Andrew Mallison, IFFO director General. (Photo: Fisheries Norway/FIS)
IFFO believes discards ban will boost raw material supply
Wednesday, February 13, 2013, 03:30 (GMT + 9)
Andrew Mallison, director general of the International Fishmeal and Fish Oil Organisation (IFFO) The Marine Ingredients Organisation, believes that last week’s vote in the European Parliament to ban discards will help the fishmeal and fish oil industries meet demand.
“IFFO and IFFO members are actively working to increase the amount of by-products (including by-catch and discards) recovered for fishmeal and fish oil production and is scoping a project to inform this work,” he stated.

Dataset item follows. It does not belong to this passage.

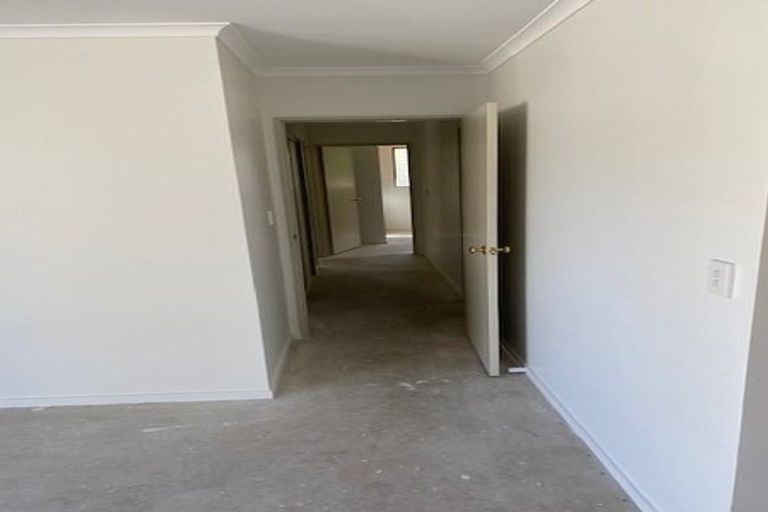 Photo of property in 3a Clouston Terrace, Maitai, Nelson, 7010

The organisation estimates that, although some 25-30 per cent of the world’s fishmeal is now made from by-products, this shift has only replaced the lower supply from whole fish capped at around 4.5 million tonnes.
Things may change now that, in December 2012, the European Union (EU) Fisheries Committee voted to recommend a ban on discards to be introduced between 2014 and 2017. Member States are expected to agree to these reforms.
The second biggest source of by-products is filleting or other processing of fish for human consumption: heads, tails, bones, skin and other offal can be used, and many industries now send these by-products to fishmeal manufacture rather than to waste disposal facilities to produce less waste. Although it has been expensive to do this due to the associated storage and transport systems that must be in place, as prices being paid for fishmeal and fish oil have been climbing, new possibilities may soon appear.
Mallison confirmed that IFFO is participating in the UK Seafish Industry Authorities Discard Action Group and IFFO and is involved in a project with the UK Centre for Environment, Fisheries and Aquaculture Science (CEFAS). The handling and economics of discards are being analysed to better grasp the implications of the potential EU discard ban.
IFFO is also endorsing the use of by-catch to produce fishmeal and fish oil, as long as rules are followed.
“We recognize utilization must be controlled to avoid any incentive towards deliberately fishing for discards” Mallison said.
Several IFFO members are already offering processing facilities for by-products from fish processing, but IFFO believes that further volumes could be available and is drafting up a project to include the following points:
- What is the estimate of fish by-products currently discarded or thrown away instead of entering fishmeal and fish oil production?
- Is there a cost-effective means of stabilizing by-products to prevent spoilage and reduce time pressure?
- What are the constraints and solutions for increasing the amount of by-product entering fishmeal and fish oil production?
- How should the fishmeal industry convey its need for raw materials?
IFFO expects the first phase of this project to be completed by April.